Saturday, July 22, 2023

Norwood (2020) on Intensive Animal Agriculture

 F. Bailey Norwood, “The Economics of Intensive Animal Agriculture,” Chapter 10, pages 127-140, in The Routledge Handbook of Animal Ethics, Bob Fisher, editor, Routledge, 2020.

  • Farms used to produce “a variety of foods [p. 127]” – it was economical, by spreading risk and combatting disease and maintaining soil quality. Crop rotation was one manifestation of this intra-farm diversification.
  • Tech change (pesticides, feed…) undermined the economic advantage of farm diversification. 
  • Farms also have become more intensified, with more product for a given area. Farm animals, many of whom used to need to graze outside to acquire a nutritious diet, can now be housed indoors all year long, receiving adequate nutrition thanks to advances in livestock feed.
  • Again, the result of decades of technical change is specialization and intensification – and often, indoor-ization for both the animals and farm workers.
  • Barns have changed, too – cages or slatted floors allow manure to be removed – and antibiotics can be added to feed; both of these measures reduce problems associated with parasites.
  • Economies of scale emerge in the specialized farms, resulting in intense crowding for the animals – witness gestation crates.
  • The old-style, extensive and diverse farms, became economically obsolete, and the new specialized farms often compromised animal welfare.
  • The indoor work altered life for farmers, too, who became more like factory workers. Farmers often became contract employees, with processors owning the animals and providing inputs such as feed. The processors need uniformity in the “product,” and farmers have very limited choice among potential buyers.
  • Consumers generally object to the conditions on factory farms (p. 130).

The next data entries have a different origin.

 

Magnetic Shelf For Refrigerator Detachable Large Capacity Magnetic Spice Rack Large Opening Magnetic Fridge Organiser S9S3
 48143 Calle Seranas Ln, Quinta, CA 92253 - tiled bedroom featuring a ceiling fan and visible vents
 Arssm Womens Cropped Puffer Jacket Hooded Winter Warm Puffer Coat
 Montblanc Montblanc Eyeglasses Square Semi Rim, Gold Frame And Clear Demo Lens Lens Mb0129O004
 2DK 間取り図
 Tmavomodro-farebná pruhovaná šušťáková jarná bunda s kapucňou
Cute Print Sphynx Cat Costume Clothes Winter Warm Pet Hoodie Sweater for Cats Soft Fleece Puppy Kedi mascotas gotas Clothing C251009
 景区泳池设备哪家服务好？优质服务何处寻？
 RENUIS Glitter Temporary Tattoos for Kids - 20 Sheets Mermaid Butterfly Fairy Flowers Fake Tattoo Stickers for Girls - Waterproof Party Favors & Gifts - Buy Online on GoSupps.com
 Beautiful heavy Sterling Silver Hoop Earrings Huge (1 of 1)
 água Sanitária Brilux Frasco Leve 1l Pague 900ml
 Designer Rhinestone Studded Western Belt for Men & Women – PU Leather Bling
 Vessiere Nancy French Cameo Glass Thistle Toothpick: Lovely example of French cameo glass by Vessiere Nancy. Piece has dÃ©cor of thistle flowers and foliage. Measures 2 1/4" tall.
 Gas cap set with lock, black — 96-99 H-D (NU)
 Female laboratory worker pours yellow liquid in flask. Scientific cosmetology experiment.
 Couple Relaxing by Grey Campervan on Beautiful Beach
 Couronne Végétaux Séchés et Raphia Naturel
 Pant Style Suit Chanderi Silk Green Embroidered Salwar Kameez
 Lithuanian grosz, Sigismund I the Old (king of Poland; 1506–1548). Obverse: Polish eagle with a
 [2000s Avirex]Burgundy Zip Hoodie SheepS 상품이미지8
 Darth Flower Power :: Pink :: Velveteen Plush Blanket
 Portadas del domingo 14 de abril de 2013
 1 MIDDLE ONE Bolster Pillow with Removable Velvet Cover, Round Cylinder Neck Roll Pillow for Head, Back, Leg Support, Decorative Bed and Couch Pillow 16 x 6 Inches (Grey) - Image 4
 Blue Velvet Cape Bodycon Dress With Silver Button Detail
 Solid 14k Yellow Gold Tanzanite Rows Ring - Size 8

  • Ameliorating the worst features of factory farms raises the costs of production, though not drastically – but retail prices for higher-animal-welfare products can easily double or triple. Why? Because currently, higher-welfare animal products are “a niche market serving affluent customers [p. 132].”
  • Though most people don’t pay the premium for higher-animal-welfare products, those same people often want to ban slaughterhouses, a policy which would eliminate their ability to purchase meat. (Or do they just say they want to ban slaughterhouses, falling prey to “social desirability bias [p. 133]”?)
  • As the behavioral economists note, virtually everything can affect individual “preferences” for animal products: are you in a grocery store or a voting booth (p. 133)?
  • With inconsistent individual preferences (and internal conflicts), there is no way to unambiguously determine the costs and benefits of a policy change. Consumers simultaneously support (with their purchases) and protest factory farming.
  • Some people want to remain ignorant about animal farm conditions.
  • California’s Prop 2, in 2008, passed with 63.5% of the vote, required more space for hens, and (with an additional law that applied the more space rules to eggs produced out of state but sold in California) raised egg prices (in 2016) by some 10%. 
  • A person who doesn’t purchase cage-free eggs might still vote for a ban on cages – maybe the ban serves as a commitment device for sophisticated, inconsistent consumers?
  • "The cost of paying more for cage-free eggs is about the same regardless of whether it is voluntary or forced [by a ban on sales of caged eggs], but the benefits of it being forced can seem much larger because so many others are doing it also [p. 136]." 
  • Referenda like Prop 2 [or now Prop 12] might permit consumers to coordinate in a way that they cannot easily achieve with their market purchases – even vegans, who don't purchase any eggs, can vote in the referenda!